Let me address the points you raised using the STAR methodology. I
apologize if it sounds a bit formal, but I find it  effective for clarity.

*Situation*
You encountered an issue while working with a Spark DataFrame where a
shuffle was unexpectedly triggered during the application of a window
function. This happened even though the data was already partitioned and
sorted by the key column (`key_col`). Specifically, the issue arose after
joining a large, bucketed table with a smaller DataFrame on the same column
used in the window function.

*Task:*
Your objective, as evident from your question, was to understand why Spark
introduced a shuffle for the window function despite the data being
pre-partitioned and sorted. In summary, we needed to identify the
underlying cause of this behavior and explore possible solutions to prevent
the unnecessary shuffle.

*Action:*
To investigate the issue and provide a reasonable explanation, I considered
several possibilities:

1. Partitioning Requirements:
   I mentioned the possibility that Spark introduced the shuffle to meet
its internal partitioning requirements for the window function. Although
the data was already partitioned by `key_col`, Spark might still trigger a
shuffle to ensure that the data distribution aligns perfectly with the
window function's needs.

2. Locality and Ordering:
   I considered that Spark might have required a shuffle to enforce global
sorting within partitions. Even though the data was locally sorted within
each bucket, Spark could still introduce a shuffle to ensure the window
function operates correctly across all partitions.

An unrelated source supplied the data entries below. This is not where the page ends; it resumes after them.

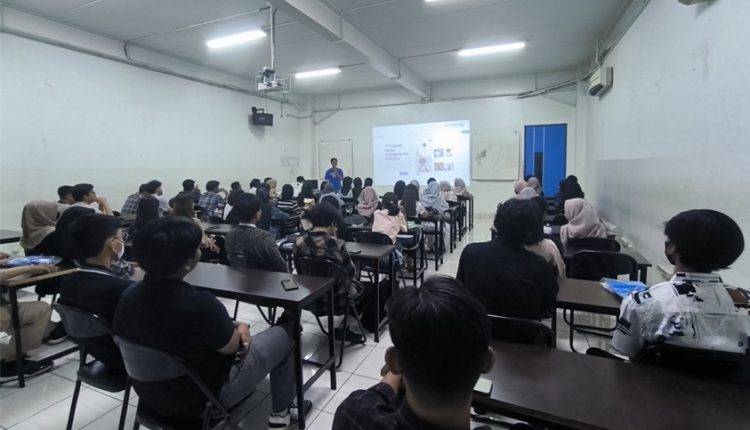 Workshop Digital Creative Bekali Mahasiswa Baru Dengan Program Edukatif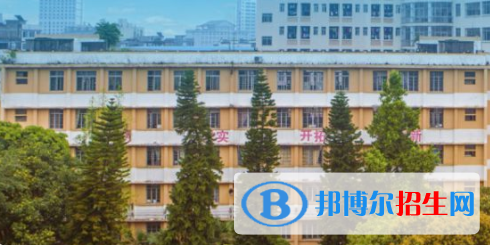 广西玉林财经学校网站网址 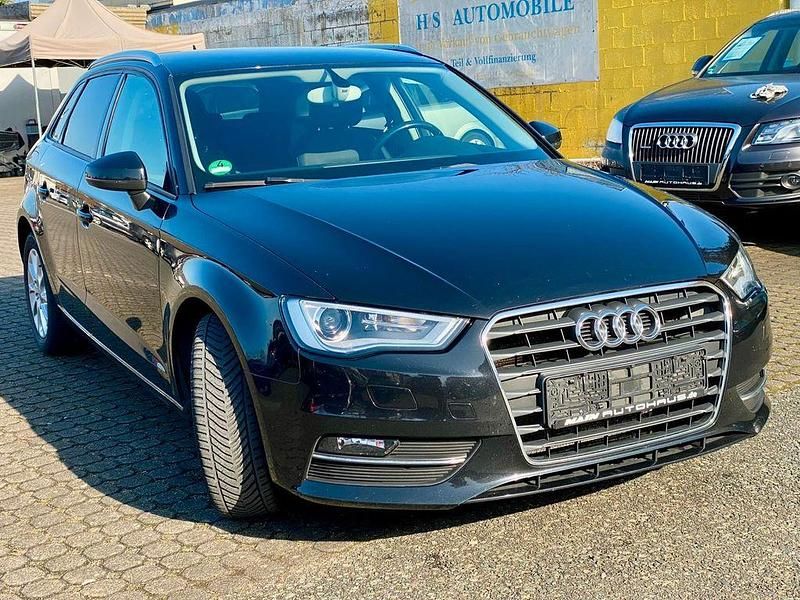 Gebraucht Audi A3 Attraction 105 PS (77 kW) 2013 Schwarz Limousine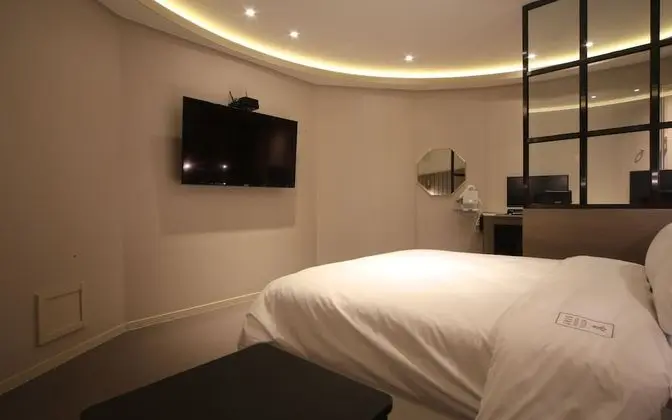 Oda (Our Secret Place (Netflix Available T)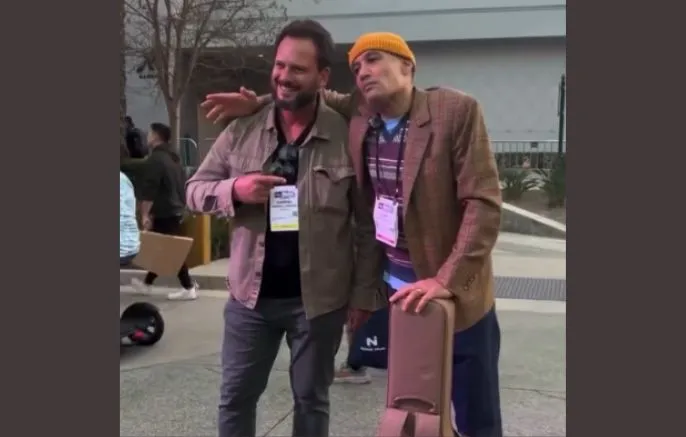 Ben Harper presenteia fã brasileiro com violão.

3. Adaptive Query Execution (AQE):
   You inquired whether AQE might have introduced the shuffle to optimize
performance based on runtime statistics. This is indeed a possibility, as
AQE can adjust the execution plan dynamically.

4. Compatibility and Partitioning Mismatch:
   There may be a mismatch in partitioning recognition between the join
operation and the window function. This mismatch could lead Spark to
introduce a shuffle, even when using the same `key_col`.

*Recommendations:*
To address these potential causes, I recommend the following steps:

- Check Spark's Understanding of Partitioning: Inspect the DataFrame’s
partitioning after the join operation to ensure it aligns with expectations.
- Disable AQE Temporarily: Turn off AQE to determine if it was influencing
the shuffle.
- Force Specific Partitioning: Repartition the DataFrame explicitly by
key_co` before applying the window function to see if this prevents the
shuffle.

HTH


Mich Talebzadeh,

Architect | Data Engineer | Data Science | Financial Crime
PhD <https://en.wikipedia.org/wiki/Doctor_of_Philosophy> Imperial College
London <https://en.wikipedia.org/wiki/Imperial_College_London>
London, United Kingdom


   view my Linkedin profile
<https://www.linkedin.com/in/mich-talebzadeh-ph-d-5205b2/>


 https://en.everybodywiki.com/Mich_Talebzadeh



*Disclaimer:* The information provided is correct to the best of my
knowledge but of course cannot be guaranteed . It is essential to note
that, as with any advice, quote "one test result is worth one-thousand
expert opinions (Werner  <https://en.wikipedia.org/wiki/Wernher_von_Braun>Von
Braun <https://en.wikipedia.org/wiki/Wernher_von_Braun>)".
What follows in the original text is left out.